To the Editor: Reusable bags 

To the Editor: 

The public has become increasingly concerned about the risk posed by plastic waste. We are becoming aware that microplastics, which may contain harmful chemicals, are ubiquitous in our air, our soil and our oceans. It is estimated that eight million tons of plastic waste end up in our rivers and oceans each year. 

In 2018, the four towns on MDI joined many other Maine communities and passed bans on single-use plastic shopping bags, while also banning the use of polystyrene take-out containers. Subsequently, the Maine Legislature enacted a state-wide ban on the use of single-use plastic carryout bags and on polystyrene food containers. These state-wide bans are now slated to go into effect in January 2021.  

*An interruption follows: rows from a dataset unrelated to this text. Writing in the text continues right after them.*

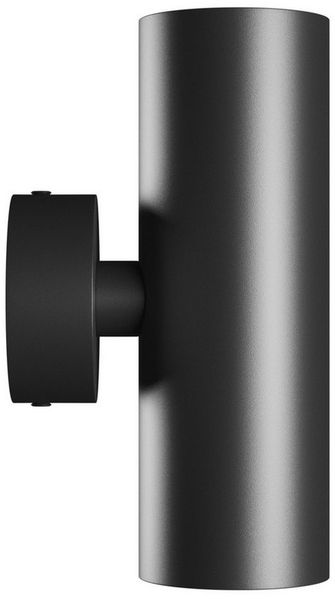 Spectrum LED Wandleuchte Wandleuchte SQUALLA VARIOSA TUBO 2X GU10 Innen schwarz Up&Down max. 10W, Kein Leuchtmittel enthalten, Auf & Ab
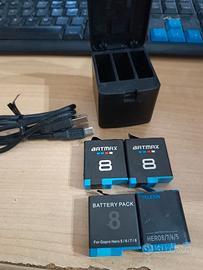 Batterie GoPro + caricatore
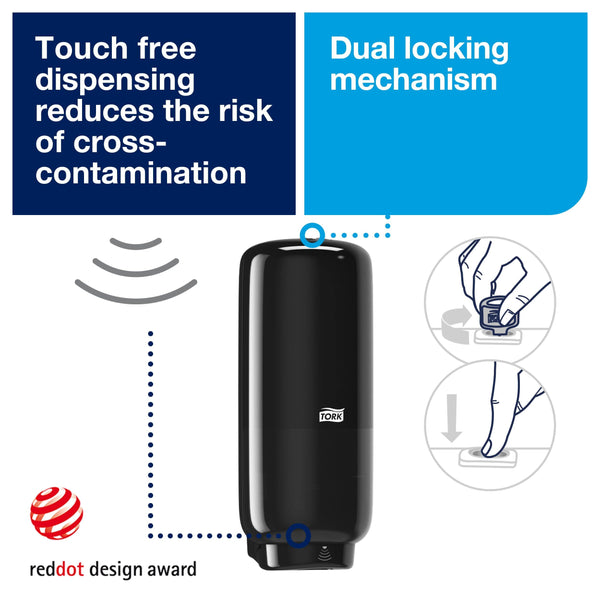 Black Soap Dispensers (Set of 4)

When Bar Harbor’s ban went into effect on Valentine’s Day 2019, our local Hannaford manager, Jay Boyce, and his staff, successfully launched a “bring your own bag” event. Thousands of reusable bags were purchased in the first few weeks. In no time, shoppers became accustomed to bringing their reusable bags for groceries. Then COVID-19 hit. 

The Centers for Disease Control and Prevention recommended sanitary steps for protecting staff and customers such as wearing masks, shopping with disinfected shopping carts, keeping a six-foot distance from others whenever possible and limiting the number of shoppers in the store at any one time. 

As scientists continued learning about COVID-19, the CDC has not found evidence that reusable shopping bags are source of transmission for the virus. The Hannaford company recently decided to allow customers at all their stores to bring their own reusable bags, and that the associates could pack them. This is good news for all of us who would prefer not to accumulate single-use plastic or brown paper bags. Hannaford does request that customers wipe down their reusable bags after each use. 

We would like to thank Hannaford and our local store manager, Jay Boyce, for the dedicated focus on sustainability and for flexibility in dealing with many challenges of operating a grocery business during a global pandemic.